<キッチンは実験室(37・上):揚げ物の科学>

皆さん、こんにちは。キッチンの科学プロジェクト(KKP)のみせすです。家にいる時間が多くなっているこの時期に、料理の腕を上げている子どもたちも多いと聞きます。そんな子どもたちにとってハードルが高いのは「揚げ物」。しかし、科学の知識を加えれば簡単においしく作れます。今回は揚げ物の秘密に迫ってみましょう。

水と油の交換現象

ポテトチップスがカリッとしているのはなぜか、唐揚げがカラっと揚がっているのはどうしてか、考えたことはありますか? 揚げるとは「水と油の交換」が起こること。ポテトチップスは「脱水」が起こっています。

つまり、食べ物に含まれている水が食品表面から蒸発し、水が抜けた部分に油が入り込むという「水と油の交換現象」こそが、揚げるという調理法なのです。水が蒸発して油がしっかり入り込んだ揚げ物は表面が乾燥して、カリッ、サクッとした食感になります。

茹でるときの水が100度までしか上がらないのに対し、揚げ油は130~200度の高温になります。食品の表面から熱が伝わるため、中心温度は比較的緩やかに上昇します。天ぷらやトンカツなどの衣付きの揚げ物は、衣の中で「蒸されている」といった状況で、揚げ時間が長くなるほど水分が抜けて、油の量が多くなります。

脱水のし方は、揚げ油の温度、揚げ時間、油が新しいか古いかで変わります。

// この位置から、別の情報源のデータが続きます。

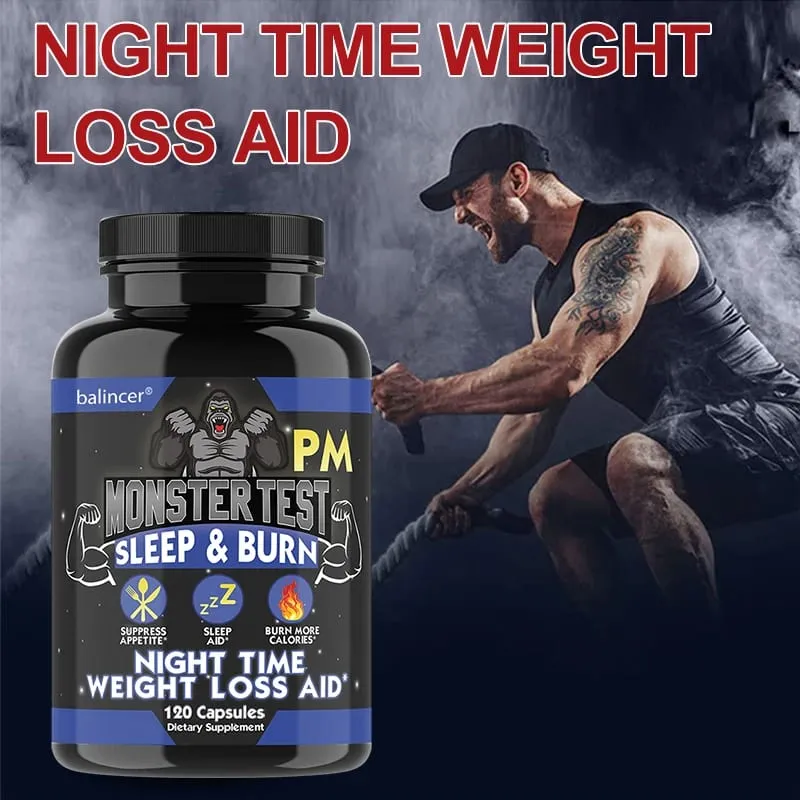 Nighttime Fat Burning Supplement - with Natural Plant Extracts & Magnesium Zinc Weight Management Unisex — image 5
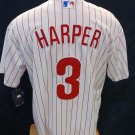 Bryce Harper Philadelphia Phillies Official Baseball Jersey white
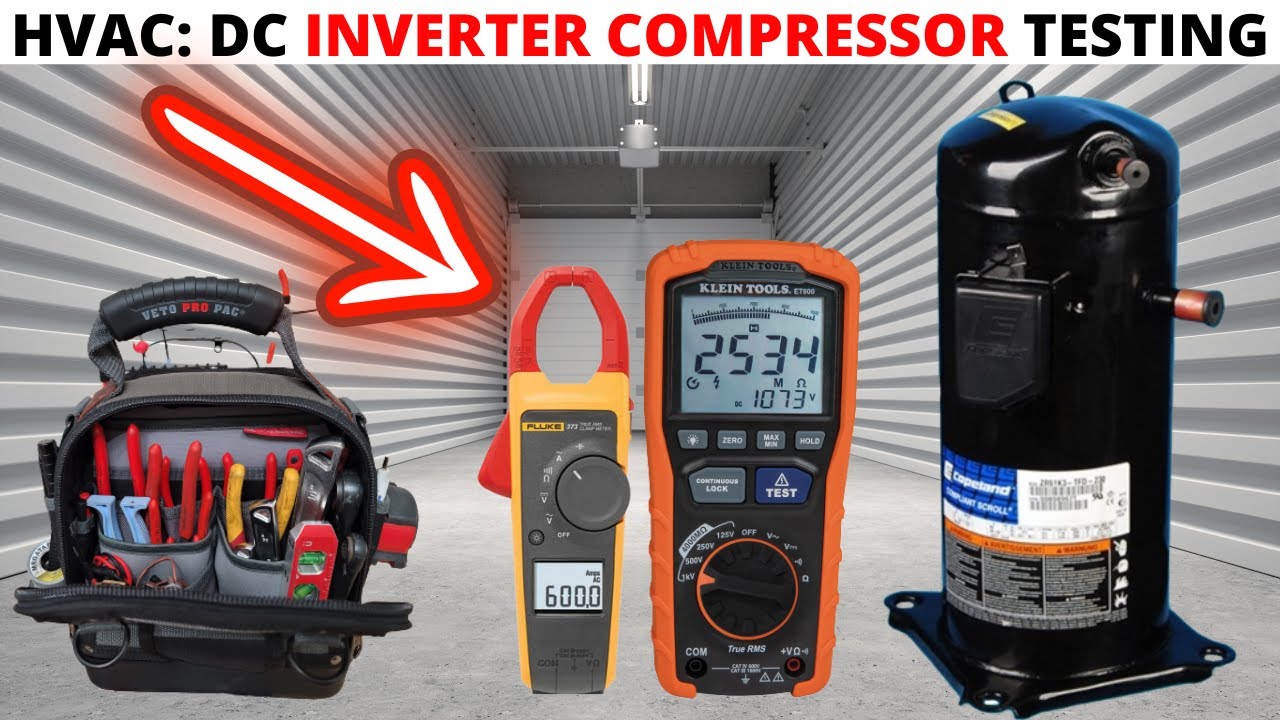 HVAC Training: How To Check A 3 Phase Inverter Compressor (DC Compressor Troubleshooting) Testing
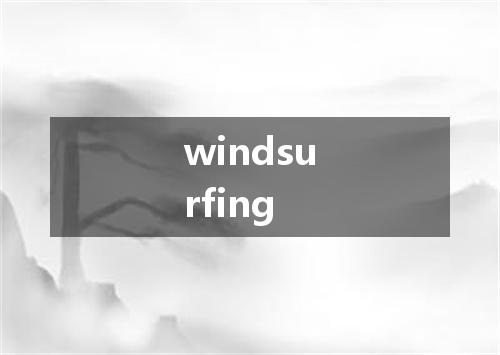 windsurfing是什么意思
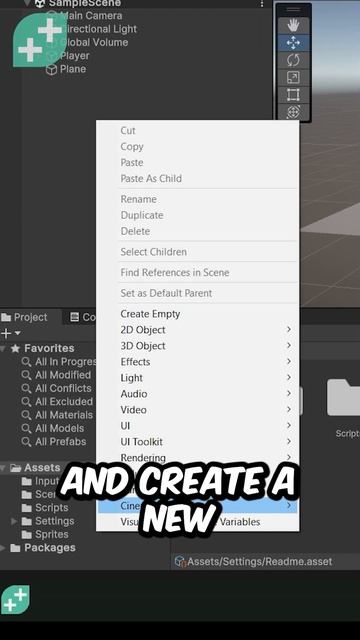 🎥 Use #Cinemachine in #Unity to Get A Smooth Camera 🛠️ #shorts #gamedev #indiedev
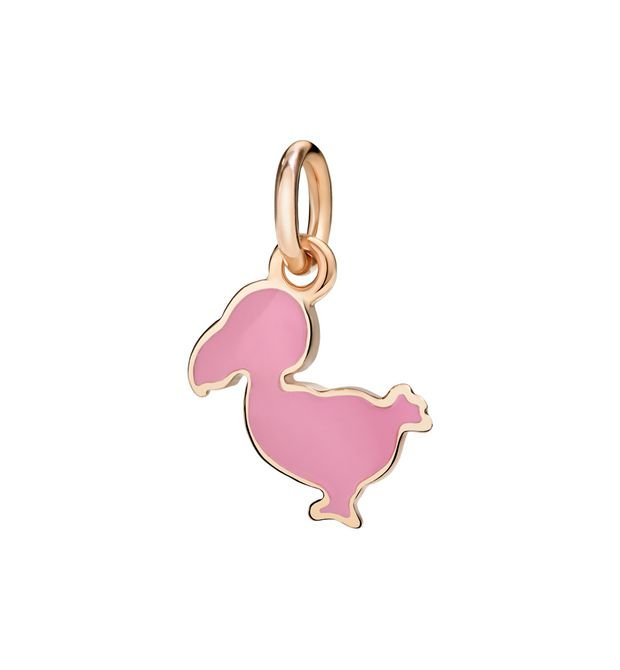Junior Dodo in Oro Rosa e Smalto Rosa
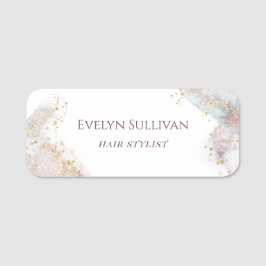 Nome de etiqueta de formas de aquarela brilhante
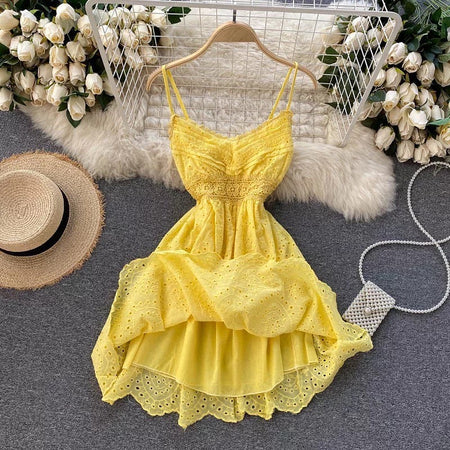 Harry Eyelet Dress - Alamode By Akanksha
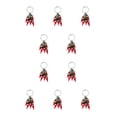 thumbnail image 1 of Inteprter Metal Keychain Pepper Rings Home Door Woman Handbag Man Keyrings Holder Chili Key Fashion Portable Hanging Car Chain uno 10piezas, 1 of 6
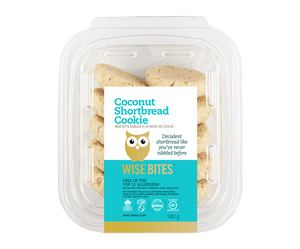 Coconut Shortbread Cookies - Vegan, GF - Wise Bites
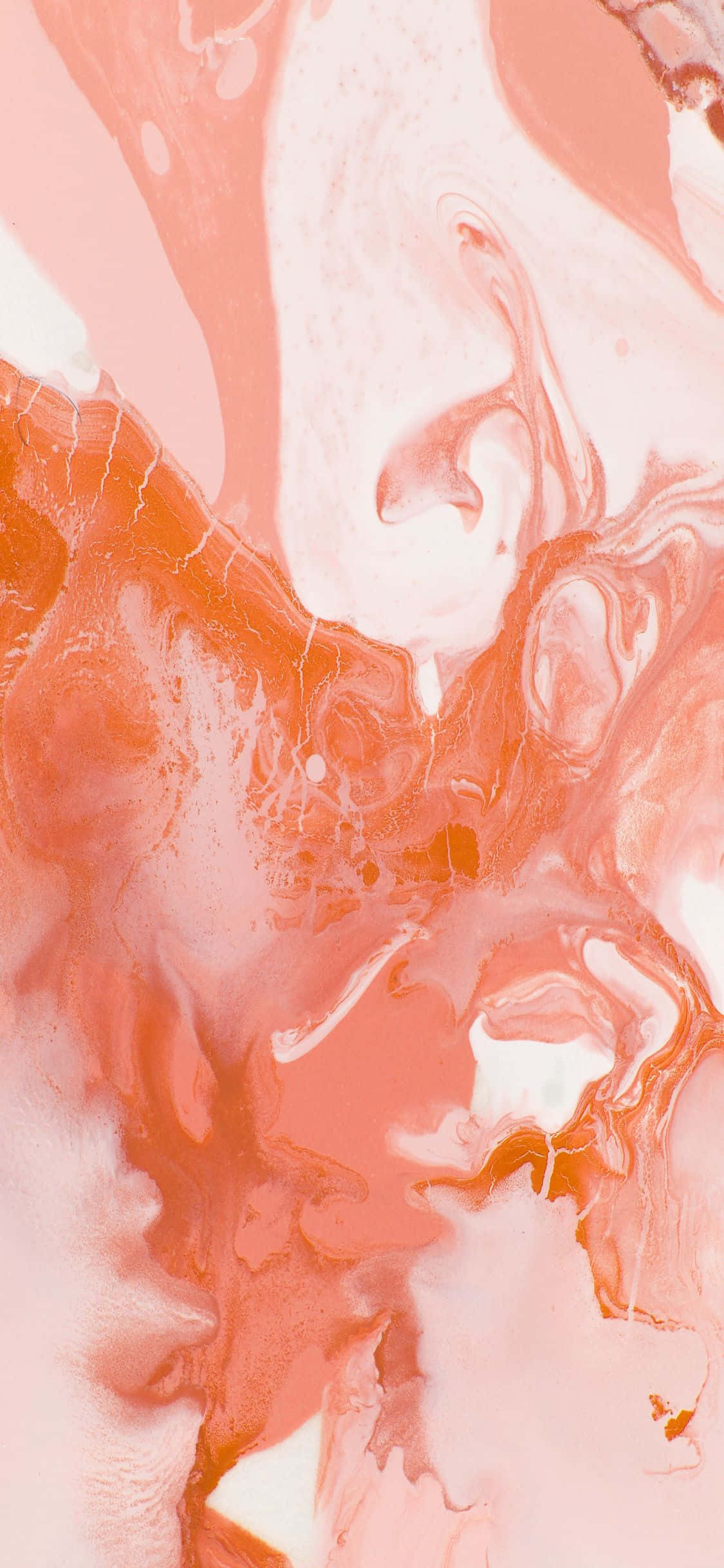 Perske-oranje iPhone X Marmer Agtergrond Muurpapier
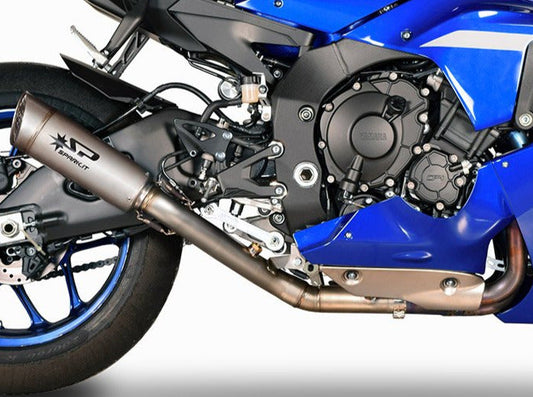 SPARK Yamaha YZF-R1 Full Titanium Semi-Full Exhaust System "Grid-O" (racing)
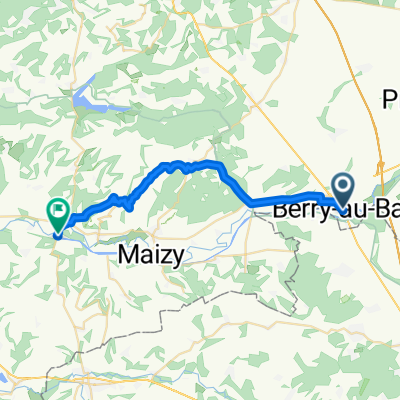 Rue des Écoles, Berry-au-Bac nach Villers-en-Prayères, Les Septvallons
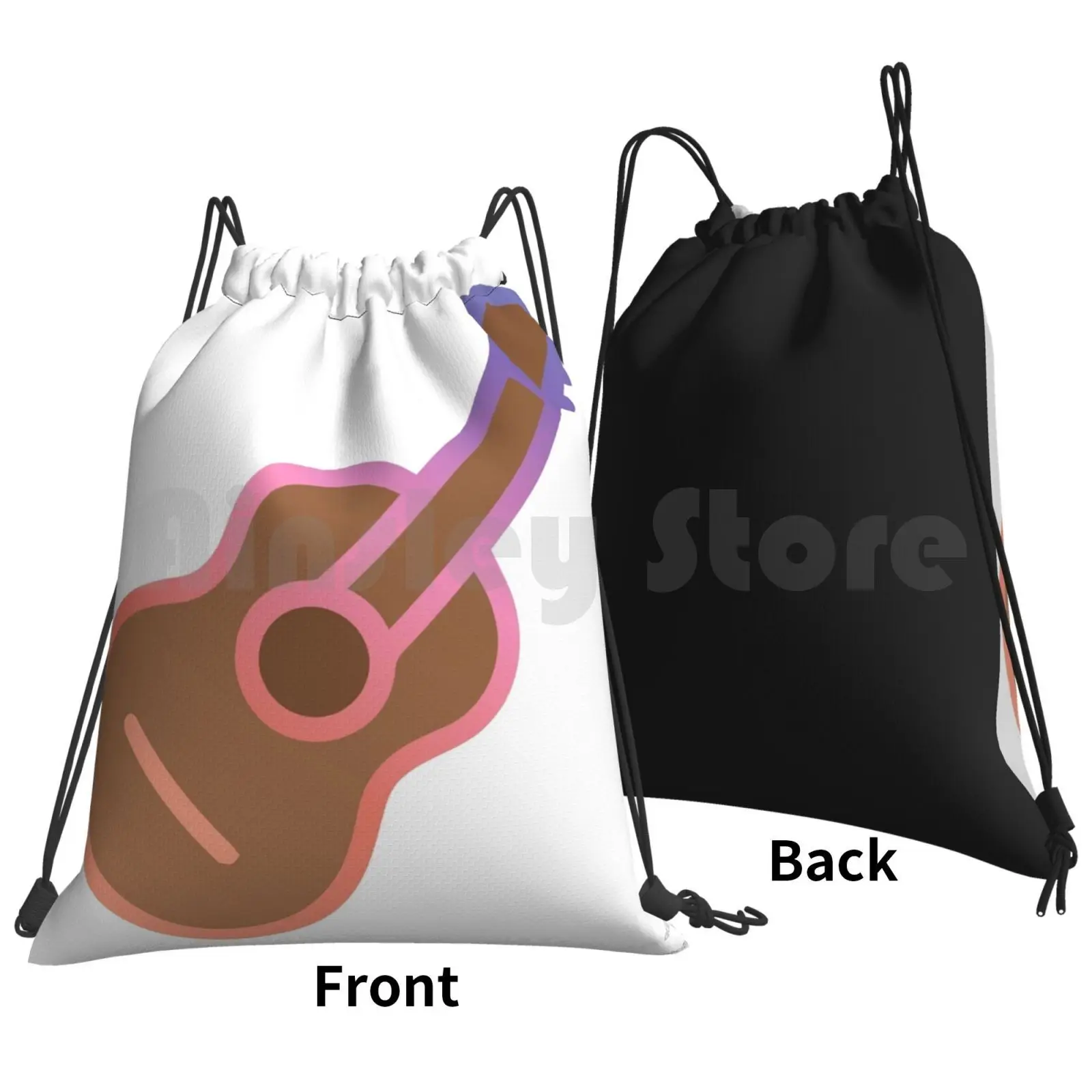 Guitar Backpack Drawstring Bags Gym Bag Waterproof Guitar Acoustic Electric Music Band Instrument String Amp Play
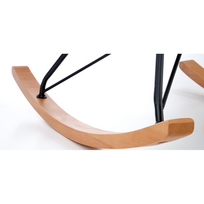 kreslas - Supamasis krėslas Halmar Liberto 2, kreminis/juodas (Cream/Black) - 4 nuotrauka
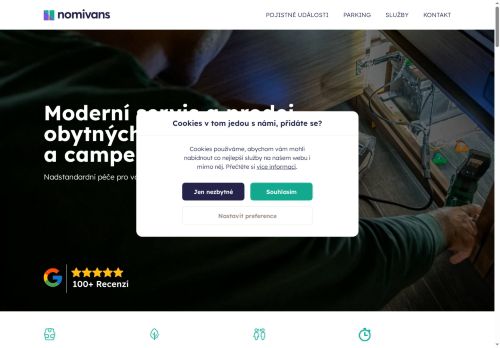 Nomivans Campers s.r.o. nabízí práci na pozici mechanik a opravář motorových vozide-mechanik obytných vozů (m/ž) v obci Tuchoměřice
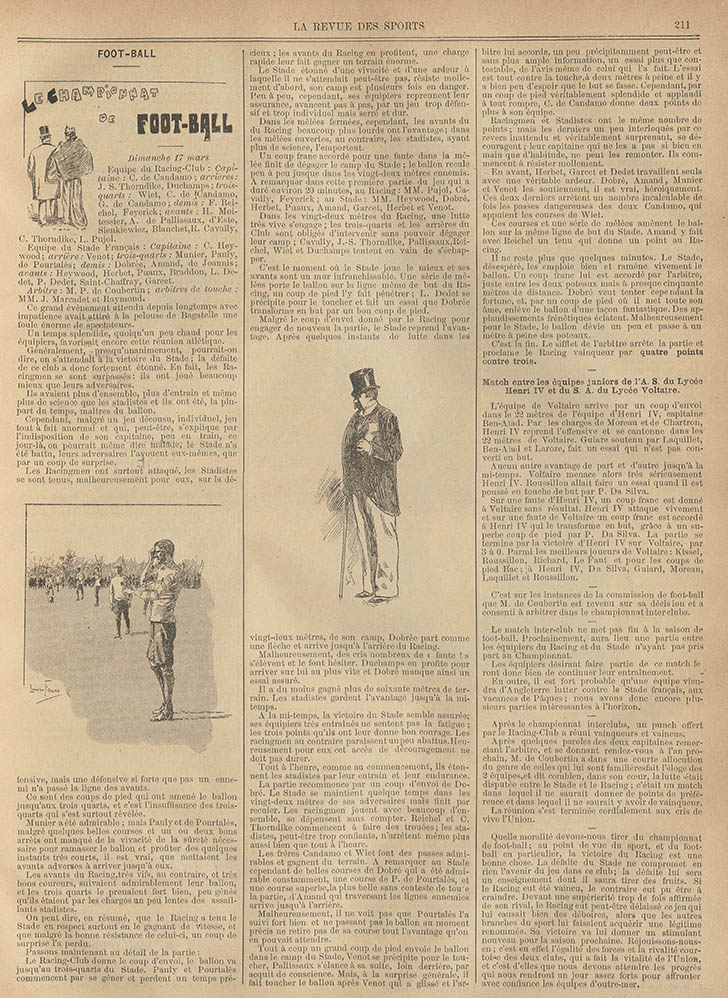 La Revue des sports - 26-03-1892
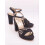 (39, Black) Strappy Heel Wedding Shoes Size 33-43 2
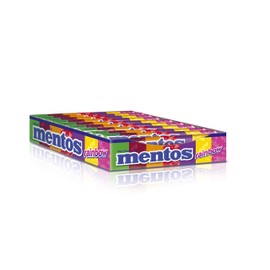 Mentos - Chewy Rainbow Mix Rolls - Pack of 20 - Refreshing Chewy Candy for On-the-Go Freshness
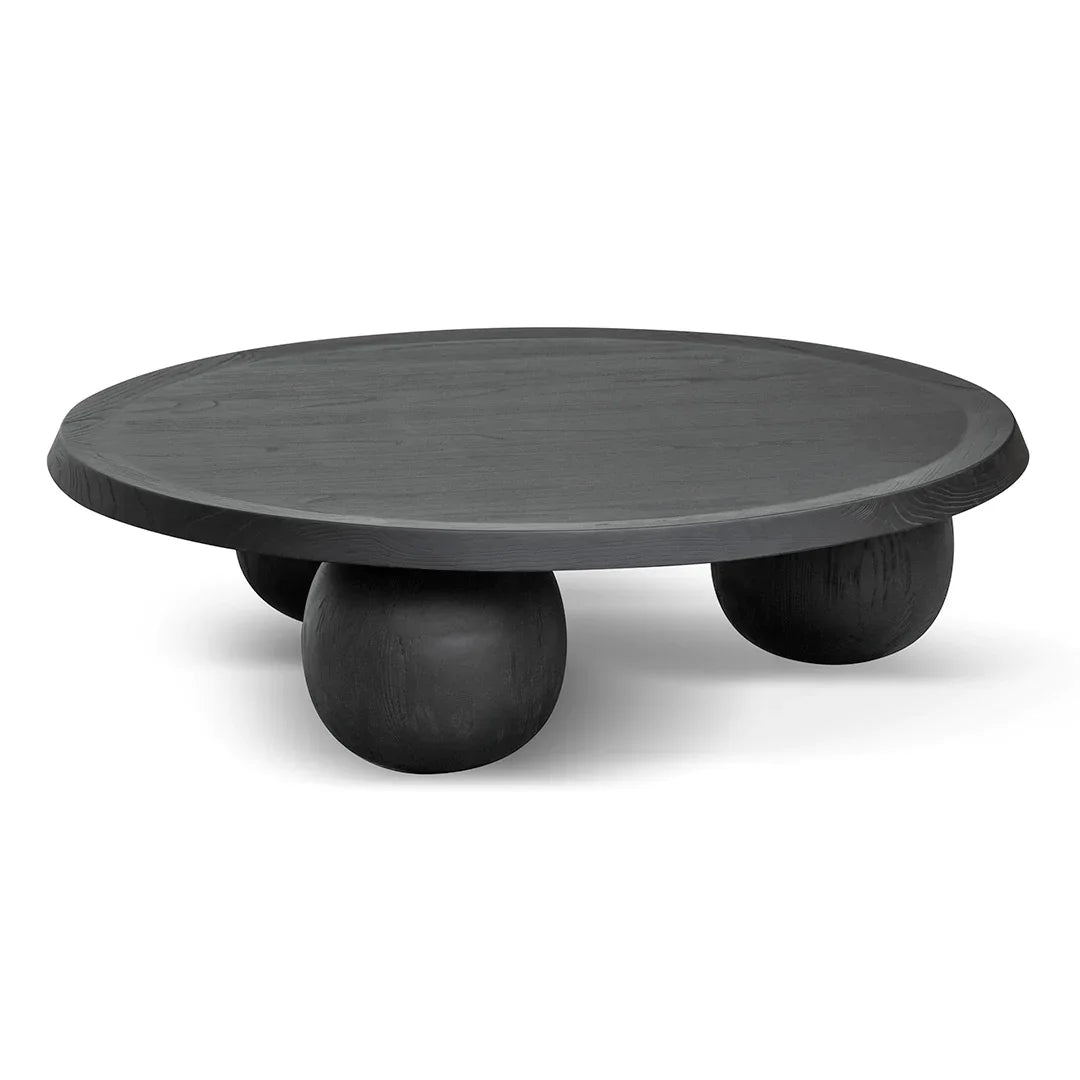 Elm Ball Coffee Table Modern Design - Black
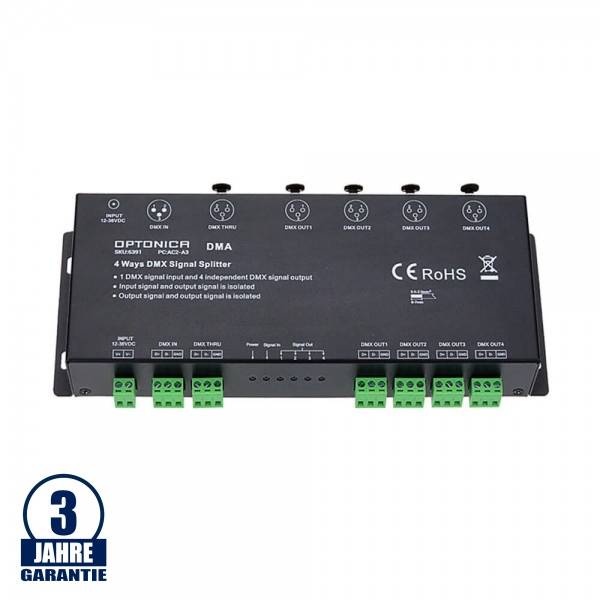 DMX 4-fach Splitter DMX 4-fach Splitter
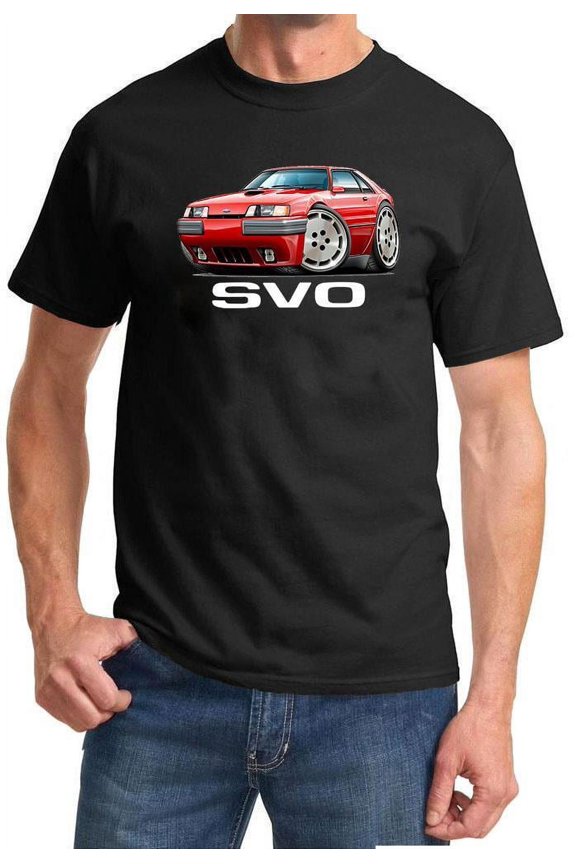 1984 1985 Ford SVO Mustang Turbo Full Color Tshirt NEW FREE SHIPPING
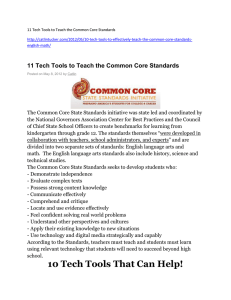 11 Tech Tools to Teach the Common Core Standards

天ぷらやフリッターの場合は、その衣の作り方によっても変わるのです。

低温・中温・高温に適した料理

揚げ油は、温度によって3つに分けられます。それぞれ適した料理があります。

低温(150~160℃)
春巻き、ドーナツ、フライドポテト、イモや野菜の天ぷら、鶏の唐揚げ(1度目)
→中心に火が通るまでに時間のかかるもの、でんぷんの多いもの、厚みのあるもの

中温(160~180℃)
野菜のかき揚げ、トンカツ、フライ、竜田揚げ、揚げ出し豆腐

高温(180~200℃)
カキフライ、魚介類の天ぷら、コロッケ、鶏の唐揚げ(2度目)
→火が通るのに時間のかからない食品、薄い食品

衣の付け方でも温度に違い

また、衣によっても温度の設定に違いがあります。

薄い衣=唐揚げ(鶏肉にまぶした粉)
油の熱がすぐに肉の表面に伝わる。温度が高いと中心に熱が伝わる前に表面がこげてしまう。

分厚い衣=チキンカツ(小麦粉、溶き卵、パン粉)
低温ではなかなか内部まで火が通らず、かつ高温にすると水分含有量が低いパン粉の温度がすぐに上昇して揚げ色がつきすぎてしまうため、中温で揚げる。

唐揚げを2度揚げする理由

さて、鶏の唐揚げはなぜ、2度揚げするのでしょうか。2度揚げとは低めの温度で揚げた後、一度取り出して、油の温度を上げて高温になったところに再度入れて揚げる調理法です。

高温で揚げると表面の水分がしっかり抜けて、そこに油が入り込むことでカラッと揚がります。しかし、唐揚げは粉でできた薄い衣なので、油の温度が高いと熱が中心に伝わるまでに表面が焦げてしまいます。

そのため、まずは低温で揚げて、食品の中心部まである程度、火を通します。唐揚げで言えば、鶏肉のコラーゲンの収縮を防ぐために中心温度を65℃程度までにとどめておきます。ただ、低温で揚げただけだとベチャっとしているので、カリッとさせるため、高温で2度揚げし、表面の水分をしっかり蒸発させるのです。